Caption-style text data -

════

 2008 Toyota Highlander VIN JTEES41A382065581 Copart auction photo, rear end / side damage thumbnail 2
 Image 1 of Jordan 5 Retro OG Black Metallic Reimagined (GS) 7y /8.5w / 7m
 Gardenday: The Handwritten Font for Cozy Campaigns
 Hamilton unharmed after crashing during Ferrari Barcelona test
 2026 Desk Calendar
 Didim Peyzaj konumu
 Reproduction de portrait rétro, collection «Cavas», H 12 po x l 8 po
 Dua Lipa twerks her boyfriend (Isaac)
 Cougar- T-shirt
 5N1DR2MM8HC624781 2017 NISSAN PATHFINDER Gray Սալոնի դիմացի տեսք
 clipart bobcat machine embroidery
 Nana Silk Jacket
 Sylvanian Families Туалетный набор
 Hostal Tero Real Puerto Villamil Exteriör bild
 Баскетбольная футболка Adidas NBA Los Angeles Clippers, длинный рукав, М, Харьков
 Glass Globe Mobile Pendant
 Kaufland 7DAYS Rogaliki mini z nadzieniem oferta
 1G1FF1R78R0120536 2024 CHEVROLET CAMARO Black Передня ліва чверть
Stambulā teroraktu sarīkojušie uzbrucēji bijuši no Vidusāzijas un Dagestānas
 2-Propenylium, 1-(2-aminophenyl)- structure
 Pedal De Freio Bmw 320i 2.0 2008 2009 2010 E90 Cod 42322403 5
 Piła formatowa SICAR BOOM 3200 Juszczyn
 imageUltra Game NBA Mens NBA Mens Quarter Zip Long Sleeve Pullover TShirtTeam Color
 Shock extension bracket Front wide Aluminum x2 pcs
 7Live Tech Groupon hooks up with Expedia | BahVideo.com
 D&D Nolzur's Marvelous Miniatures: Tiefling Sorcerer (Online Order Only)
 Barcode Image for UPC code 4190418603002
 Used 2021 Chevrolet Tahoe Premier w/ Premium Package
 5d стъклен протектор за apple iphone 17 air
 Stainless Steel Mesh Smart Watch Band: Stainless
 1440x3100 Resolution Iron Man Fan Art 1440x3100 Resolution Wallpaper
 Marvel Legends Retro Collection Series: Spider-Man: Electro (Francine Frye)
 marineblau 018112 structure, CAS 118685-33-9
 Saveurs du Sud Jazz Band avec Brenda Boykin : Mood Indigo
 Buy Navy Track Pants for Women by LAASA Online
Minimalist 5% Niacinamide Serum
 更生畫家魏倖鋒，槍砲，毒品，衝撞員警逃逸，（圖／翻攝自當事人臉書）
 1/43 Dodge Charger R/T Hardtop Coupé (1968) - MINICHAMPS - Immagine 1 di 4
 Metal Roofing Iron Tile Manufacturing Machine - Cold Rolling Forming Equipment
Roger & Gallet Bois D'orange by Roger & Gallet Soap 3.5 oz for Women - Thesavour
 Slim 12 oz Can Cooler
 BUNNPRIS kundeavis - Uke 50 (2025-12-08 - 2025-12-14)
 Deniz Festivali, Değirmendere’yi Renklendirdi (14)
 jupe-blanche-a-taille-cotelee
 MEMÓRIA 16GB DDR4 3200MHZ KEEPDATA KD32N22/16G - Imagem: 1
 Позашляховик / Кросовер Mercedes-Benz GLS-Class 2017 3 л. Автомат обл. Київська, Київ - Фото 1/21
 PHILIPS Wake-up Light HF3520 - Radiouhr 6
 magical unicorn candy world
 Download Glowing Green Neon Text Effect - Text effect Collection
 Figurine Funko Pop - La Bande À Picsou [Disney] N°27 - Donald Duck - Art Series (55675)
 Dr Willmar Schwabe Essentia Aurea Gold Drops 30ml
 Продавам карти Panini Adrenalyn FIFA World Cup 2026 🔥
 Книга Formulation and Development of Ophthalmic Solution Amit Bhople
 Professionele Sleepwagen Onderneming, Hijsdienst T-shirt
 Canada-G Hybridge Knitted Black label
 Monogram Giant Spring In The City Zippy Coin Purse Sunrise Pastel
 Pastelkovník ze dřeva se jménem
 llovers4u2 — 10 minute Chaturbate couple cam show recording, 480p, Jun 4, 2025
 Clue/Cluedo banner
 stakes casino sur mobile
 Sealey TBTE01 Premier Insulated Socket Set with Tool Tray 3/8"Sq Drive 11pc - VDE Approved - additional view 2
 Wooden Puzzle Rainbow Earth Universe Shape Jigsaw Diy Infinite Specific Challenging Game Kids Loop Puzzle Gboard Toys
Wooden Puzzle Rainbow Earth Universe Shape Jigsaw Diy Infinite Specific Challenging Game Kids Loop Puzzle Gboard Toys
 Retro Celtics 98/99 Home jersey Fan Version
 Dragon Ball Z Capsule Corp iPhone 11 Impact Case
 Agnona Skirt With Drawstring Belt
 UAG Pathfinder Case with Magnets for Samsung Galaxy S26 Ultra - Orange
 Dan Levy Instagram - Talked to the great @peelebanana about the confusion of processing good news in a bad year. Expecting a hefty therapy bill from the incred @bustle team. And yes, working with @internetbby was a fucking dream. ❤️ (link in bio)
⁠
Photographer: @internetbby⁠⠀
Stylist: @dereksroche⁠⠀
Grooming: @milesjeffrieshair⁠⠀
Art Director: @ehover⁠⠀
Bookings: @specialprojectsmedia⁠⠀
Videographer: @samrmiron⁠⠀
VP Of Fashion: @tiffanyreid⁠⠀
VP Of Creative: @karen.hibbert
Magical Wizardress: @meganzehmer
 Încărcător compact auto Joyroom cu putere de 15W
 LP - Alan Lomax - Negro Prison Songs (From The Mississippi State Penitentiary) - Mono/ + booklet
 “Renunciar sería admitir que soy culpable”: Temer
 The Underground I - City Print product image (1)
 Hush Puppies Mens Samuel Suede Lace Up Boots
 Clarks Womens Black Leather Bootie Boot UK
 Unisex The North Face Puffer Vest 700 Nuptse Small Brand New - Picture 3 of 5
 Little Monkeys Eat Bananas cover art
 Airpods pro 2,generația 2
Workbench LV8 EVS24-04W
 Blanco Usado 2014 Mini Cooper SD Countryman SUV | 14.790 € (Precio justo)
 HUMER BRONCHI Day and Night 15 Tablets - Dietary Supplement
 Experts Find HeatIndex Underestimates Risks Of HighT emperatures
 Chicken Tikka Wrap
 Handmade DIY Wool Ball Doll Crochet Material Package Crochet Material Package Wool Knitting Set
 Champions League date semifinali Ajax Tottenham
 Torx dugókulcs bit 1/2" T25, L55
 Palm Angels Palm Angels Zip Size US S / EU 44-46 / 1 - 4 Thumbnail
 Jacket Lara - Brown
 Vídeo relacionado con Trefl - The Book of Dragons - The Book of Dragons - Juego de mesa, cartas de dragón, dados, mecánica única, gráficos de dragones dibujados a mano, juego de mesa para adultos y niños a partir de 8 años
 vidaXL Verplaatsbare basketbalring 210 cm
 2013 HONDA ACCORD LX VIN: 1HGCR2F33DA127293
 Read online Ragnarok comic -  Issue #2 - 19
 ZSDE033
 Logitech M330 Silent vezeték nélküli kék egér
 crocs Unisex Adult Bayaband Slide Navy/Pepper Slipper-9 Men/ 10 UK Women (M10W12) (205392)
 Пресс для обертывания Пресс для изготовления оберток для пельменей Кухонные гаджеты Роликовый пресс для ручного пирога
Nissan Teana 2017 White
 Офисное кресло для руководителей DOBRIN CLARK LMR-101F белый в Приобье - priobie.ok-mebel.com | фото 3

════

TASK ITEM - The answer must be a word-for-word restatement of the records.

ANSWER TO THIS PROBLEM -
 2008 Toyota Highlander VIN JTEES41A382065581 Copart auction photo, rear end / side damage thumbnail 2
 Image 1 of Jordan 5 Retro OG Black Metallic Reimagined (GS) 7y /8.5w / 7m
 Gardenday: The Handwritten Font for Cozy Campaigns
 Hamilton unharmed after crashing during Ferrari Barcelona test
 2026 Desk Calendar
 Didim Peyzaj konumu
 Reproduction de portrait rétro, collection «Cavas», H 12 po x l 8 po
 Dua Lipa twerks her boyfriend (Isaac)
 Cougar- T-shirt
 5N1DR2MM8HC624781 2017 NISSAN PATHFINDER Gray Սալոնի դիմացի տեսք
 clipart bobcat machine embroidery
 Nana Silk Jacket
 Sylvanian Families Туалетный набор
 Hostal Tero Real Puerto Villamil Exteriör bild
 Баскетбольная футболка Adidas NBA Los Angeles Clippers, длинный рукав, М, Харьков
 Glass Globe Mobile Pendant
 Kaufland 7DAYS Rogaliki mini z nadzieniem oferta
 1G1FF1R78R0120536 2024 CHEVROLET CAMARO Black Передня ліва чверть
Stambulā teroraktu sarīkojušie uzbrucēji bijuši no Vidusāzijas un Dagestānas
 2-Propenylium, 1-(2-aminophenyl)- structure
 Pedal De Freio Bmw 320i 2.0 2008 2009 2010 E90 Cod 42322403 5
 Piła formatowa SICAR BOOM 3200 Juszczyn
 imageUltra Game NBA Mens NBA Mens Quarter Zip Long Sleeve Pullover TShirtTeam Color
 Shock extension bracket Front wide Aluminum x2 pcs
 7Live Tech Groupon hooks up with Expedia | BahVideo.com
 D&D Nolzur's Marvelous Miniatures: Tiefling Sorcerer (Online Order Only)
 Barcode Image for UPC code 4190418603002
 Used 2021 Chevrolet Tahoe Premier w/ Premium Package
 5d стъклен протектор за apple iphone 17 air
 Stainless Steel Mesh Smart Watch Band: Stainless
 1440x3100 Resolution Iron Man Fan Art 1440x3100 Resolution Wallpaper
 Marvel Legends Retro Collection Series: Spider-Man: Electro (Francine Frye)
 marineblau 018112 structure, CAS 118685-33-9
 Saveurs du Sud Jazz Band avec Brenda Boykin : Mood Indigo
 Buy Navy Track Pants for Women by LAASA Online
Minimalist 5% Niacinamide Serum
 更生畫家魏倖鋒，槍砲，毒品，衝撞員警逃逸，（圖／翻攝自當事人臉書）
 1/43 Dodge Charger R/T Hardtop Coupé (1968) - MINICHAMPS - Immagine 1 di 4
 Metal Roofing Iron Tile Manufacturing Machine - Cold Rolling Forming Equipment
Roger & Gallet Bois D'orange by Roger & Gallet Soap 3.5 oz for Women - Thesavour
 Slim 12 oz Can Cooler
 BUNNPRIS kundeavis - Uke 50 (2025-12-08 - 2025-12-14)
 Deniz Festivali, Değirmendere’yi Renklendirdi (14)
 jupe-blanche-a-taille-cotelee
 MEMÓRIA 16GB DDR4 3200MHZ KEEPDATA KD32N22/16G - Imagem: 1
 Позашляховик / Кросовер Mercedes-Benz GLS-Class 2017 3 л. Автомат обл. Київська, Київ - Фото 1/21
 PHILIPS Wake-up Light HF3520 - Radiouhr 6
 magical unicorn candy world
 Download Glowing Green Neon Text Effect - Text effect Collection
 Figurine Funko Pop - La Bande À Picsou [Disney] N°27 - Donald Duck - Art Series (55675)
 Dr Willmar Schwabe Essentia Aurea Gold Drops 30ml
 Продавам карти Panini Adrenalyn FIFA World Cup 2026 🔥
 Книга Formulation and Development of Ophthalmic Solution Amit Bhople
 Professionele Sleepwagen Onderneming, Hijsdienst T-shirt
 Canada-G Hybridge Knitted Black label
 Monogram Giant Spring In The City Zippy Coin Purse Sunrise Pastel
 Pastelkovník ze dřeva se jménem
 llovers4u2 — 10 minute Chaturbate couple cam show recording, 480p, Jun 4, 2025
 Clue/Cluedo banner
 stakes casino sur mobile
 Sealey TBTE01 Premier Insulated Socket Set with Tool Tray 3/8"Sq Drive 11pc - VDE Approved - additional view 2
 Wooden Puzzle Rainbow Earth Universe Shape Jigsaw Diy Infinite Specific Challenging Game Kids Loop Puzzle Gboard Toys
Wooden Puzzle Rainbow Earth Universe Shape Jigsaw Diy Infinite Specific Challenging Game Kids Loop Puzzle Gboard Toys
 Retro Celtics 98/99 Home jersey Fan Version
 Dragon Ball Z Capsule Corp iPhone 11 Impact Case
 Agnona Skirt With Drawstring Belt
 UAG Pathfinder Case with Magnets for Samsung Galaxy S26 Ultra - Orange
 Dan Levy Instagram - Talked to the great @peelebanana about the confusion of processing good news in a bad year. Expecting a hefty therapy bill from the incred @bustle team. And yes, working with @internetbby was a fucking dream. ❤️ (link in bio)
⁠
Photographer: @internetbby⁠⠀
Stylist: @dereksroche⁠⠀
Grooming: @milesjeffrieshair⁠⠀
Art Director: @ehover⁠⠀
Bookings: @specialprojectsmedia⁠⠀
Videographer: @samrmiron⁠⠀
VP Of Fashion: @tiffanyreid⁠⠀
VP Of Creative: @karen.hibbert
Magical Wizardress: @meganzehmer
 Încărcător compact auto Joyroom cu putere de 15W
 LP - Alan Lomax - Negro Prison Songs (From The Mississippi State Penitentiary) - Mono/ + booklet
 “Renunciar sería admitir que soy culpable”: Temer
 The Underground I - City Print product image (1)
 Hush Puppies Mens Samuel Suede Lace Up Boots
 Clarks Womens Black Leather Bootie Boot UK
 Unisex The North Face Puffer Vest 700 Nuptse Small Brand New - Picture 3 of 5
 Little Monkeys Eat Bananas cover art
 Airpods pro 2,generația 2
Workbench LV8 EVS24-04W
 Blanco Usado 2014 Mini Cooper SD Countryman SUV | 14.790 € (Precio justo)
 HUMER BRONCHI Day and Night 15 Tablets - Dietary Supplement
 Experts Find HeatIndex Underestimates Risks Of HighT emperatures
 Chicken Tikka Wrap
 Handmade DIY Wool Ball Doll Crochet Material Package Crochet Material Package Wool Knitting Set
 Champions League date semifinali Ajax Tottenham
 Torx dugókulcs bit 1/2" T25, L55
 Palm Angels Palm Angels Zip Size US S / EU 44-46 / 1 - 4 Thumbnail
 Jacket Lara - Brown
 Vídeo relacionado con Trefl - The Book of Dragons - The Book of Dragons - Juego de mesa, cartas de dragón, dados, mecánica única, gráficos de dragones dibujados a mano, juego de mesa para adultos y niños a partir de 8 años
 vidaXL Verplaatsbare basketbalring 210 cm
 2013 HONDA ACCORD LX VIN: 1HGCR2F33DA127293
 Read online Ragnarok comic -  Issue #2 - 19
 ZSDE033
 Logitech M330 Silent vezeték nélküli kék egér
 crocs Unisex Adult Bayaband Slide Navy/Pepper Slipper-9 Men/ 10 UK Women (M10W12) (205392)
 Пресс для обертывания Пресс для изготовления оберток для пельменей Кухонные гаджеты Роликовый пресс для ручного пирога
Nissan Teana 2017 White
 Офисное кресло для руководителей DOBRIN CLARK LMR-101F белый в Приобье - priobie.ok-mebel.com | фото 3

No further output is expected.